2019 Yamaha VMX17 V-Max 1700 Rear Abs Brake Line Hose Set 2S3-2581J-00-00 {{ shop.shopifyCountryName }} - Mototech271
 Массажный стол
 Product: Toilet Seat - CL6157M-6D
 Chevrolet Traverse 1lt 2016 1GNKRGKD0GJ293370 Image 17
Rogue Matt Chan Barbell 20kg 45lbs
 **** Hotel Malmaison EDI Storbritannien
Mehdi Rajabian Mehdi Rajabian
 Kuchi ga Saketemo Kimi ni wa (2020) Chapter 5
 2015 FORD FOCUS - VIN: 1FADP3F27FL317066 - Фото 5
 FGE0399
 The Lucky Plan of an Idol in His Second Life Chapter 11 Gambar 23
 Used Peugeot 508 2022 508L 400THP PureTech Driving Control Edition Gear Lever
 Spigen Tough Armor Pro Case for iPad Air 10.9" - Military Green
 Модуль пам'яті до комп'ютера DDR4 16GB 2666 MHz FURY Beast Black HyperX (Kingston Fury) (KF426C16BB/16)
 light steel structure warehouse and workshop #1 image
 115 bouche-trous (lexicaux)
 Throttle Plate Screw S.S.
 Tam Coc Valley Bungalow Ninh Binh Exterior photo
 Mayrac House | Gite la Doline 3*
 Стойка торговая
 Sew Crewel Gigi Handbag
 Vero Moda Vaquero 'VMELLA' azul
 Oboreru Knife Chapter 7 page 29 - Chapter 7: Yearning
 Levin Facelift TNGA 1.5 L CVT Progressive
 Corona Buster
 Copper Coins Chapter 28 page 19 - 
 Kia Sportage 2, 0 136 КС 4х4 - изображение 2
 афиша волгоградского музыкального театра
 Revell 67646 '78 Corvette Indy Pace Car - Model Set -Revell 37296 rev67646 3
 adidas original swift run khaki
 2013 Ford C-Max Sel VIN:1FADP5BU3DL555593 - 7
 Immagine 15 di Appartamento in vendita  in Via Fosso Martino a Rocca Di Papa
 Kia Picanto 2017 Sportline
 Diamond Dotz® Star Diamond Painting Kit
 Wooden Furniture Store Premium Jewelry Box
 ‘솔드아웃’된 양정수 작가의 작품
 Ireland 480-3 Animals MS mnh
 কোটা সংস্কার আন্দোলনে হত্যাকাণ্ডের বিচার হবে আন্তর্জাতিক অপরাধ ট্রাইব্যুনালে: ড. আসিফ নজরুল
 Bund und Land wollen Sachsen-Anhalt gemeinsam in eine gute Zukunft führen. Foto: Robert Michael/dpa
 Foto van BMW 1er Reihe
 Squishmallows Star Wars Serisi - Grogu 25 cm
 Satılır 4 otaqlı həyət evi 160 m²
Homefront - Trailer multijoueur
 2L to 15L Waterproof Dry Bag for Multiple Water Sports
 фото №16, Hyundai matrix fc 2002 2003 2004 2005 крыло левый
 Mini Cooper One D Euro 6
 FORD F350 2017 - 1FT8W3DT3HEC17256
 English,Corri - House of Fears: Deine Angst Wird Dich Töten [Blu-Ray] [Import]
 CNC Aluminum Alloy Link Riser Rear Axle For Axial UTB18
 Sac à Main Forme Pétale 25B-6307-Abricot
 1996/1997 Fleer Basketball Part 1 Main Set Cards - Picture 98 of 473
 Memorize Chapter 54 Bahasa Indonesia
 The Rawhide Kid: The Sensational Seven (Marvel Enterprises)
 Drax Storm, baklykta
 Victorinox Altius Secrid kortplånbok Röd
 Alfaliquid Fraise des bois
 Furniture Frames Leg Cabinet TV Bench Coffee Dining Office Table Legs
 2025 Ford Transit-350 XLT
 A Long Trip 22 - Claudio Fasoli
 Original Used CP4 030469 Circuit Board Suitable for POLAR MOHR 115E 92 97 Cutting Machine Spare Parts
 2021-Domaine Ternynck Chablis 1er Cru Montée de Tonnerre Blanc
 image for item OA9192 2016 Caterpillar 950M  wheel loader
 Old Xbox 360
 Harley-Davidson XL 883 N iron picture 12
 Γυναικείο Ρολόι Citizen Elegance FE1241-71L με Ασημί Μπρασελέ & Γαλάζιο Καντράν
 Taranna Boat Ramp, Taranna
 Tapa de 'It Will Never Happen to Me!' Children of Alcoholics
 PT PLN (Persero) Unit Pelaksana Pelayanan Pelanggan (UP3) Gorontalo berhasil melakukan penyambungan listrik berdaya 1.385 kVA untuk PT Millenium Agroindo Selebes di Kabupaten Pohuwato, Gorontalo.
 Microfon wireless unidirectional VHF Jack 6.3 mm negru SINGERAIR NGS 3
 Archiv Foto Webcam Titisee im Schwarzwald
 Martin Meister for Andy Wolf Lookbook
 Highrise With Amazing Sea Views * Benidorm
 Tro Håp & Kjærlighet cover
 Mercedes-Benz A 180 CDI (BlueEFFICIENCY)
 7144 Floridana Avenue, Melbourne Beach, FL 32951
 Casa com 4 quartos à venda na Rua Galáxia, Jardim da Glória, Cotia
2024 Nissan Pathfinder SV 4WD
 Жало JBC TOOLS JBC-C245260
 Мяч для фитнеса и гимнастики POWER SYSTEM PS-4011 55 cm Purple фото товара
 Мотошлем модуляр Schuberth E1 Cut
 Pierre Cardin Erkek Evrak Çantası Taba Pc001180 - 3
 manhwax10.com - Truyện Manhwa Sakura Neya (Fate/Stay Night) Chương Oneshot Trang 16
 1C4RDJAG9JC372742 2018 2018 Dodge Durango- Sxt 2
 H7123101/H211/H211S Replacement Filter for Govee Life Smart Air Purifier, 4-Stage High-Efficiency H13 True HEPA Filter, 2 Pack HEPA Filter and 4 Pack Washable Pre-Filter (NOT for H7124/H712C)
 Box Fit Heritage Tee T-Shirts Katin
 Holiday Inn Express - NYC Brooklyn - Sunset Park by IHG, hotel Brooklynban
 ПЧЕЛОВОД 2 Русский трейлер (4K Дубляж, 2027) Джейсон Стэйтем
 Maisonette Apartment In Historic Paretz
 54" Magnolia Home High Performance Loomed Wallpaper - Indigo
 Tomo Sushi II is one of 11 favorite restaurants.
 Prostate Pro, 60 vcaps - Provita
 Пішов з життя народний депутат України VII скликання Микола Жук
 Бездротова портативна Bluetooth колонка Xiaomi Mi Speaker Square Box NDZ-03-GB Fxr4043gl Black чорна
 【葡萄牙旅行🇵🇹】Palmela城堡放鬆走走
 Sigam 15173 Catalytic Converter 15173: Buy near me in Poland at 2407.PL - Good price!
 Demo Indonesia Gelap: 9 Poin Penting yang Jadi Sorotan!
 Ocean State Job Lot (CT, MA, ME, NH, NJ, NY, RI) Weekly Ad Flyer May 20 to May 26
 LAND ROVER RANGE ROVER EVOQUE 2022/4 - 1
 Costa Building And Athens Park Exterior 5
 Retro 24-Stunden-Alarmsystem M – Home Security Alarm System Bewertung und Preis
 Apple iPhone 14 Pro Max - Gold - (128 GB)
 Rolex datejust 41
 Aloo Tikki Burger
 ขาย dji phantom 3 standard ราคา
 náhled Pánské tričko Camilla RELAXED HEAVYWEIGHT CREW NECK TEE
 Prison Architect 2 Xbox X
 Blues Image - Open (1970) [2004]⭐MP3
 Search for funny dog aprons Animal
━━━━━━━━━━━━━━━━━━━━━━━━━━━━━━
*Description of the task*:
All lines above with "Exterior" in them should be returned.

*Task answer*:
 Tam Coc Valley Bungalow Ninh Binh Exterior photo
 Costa Building And Athens Park Exterior 5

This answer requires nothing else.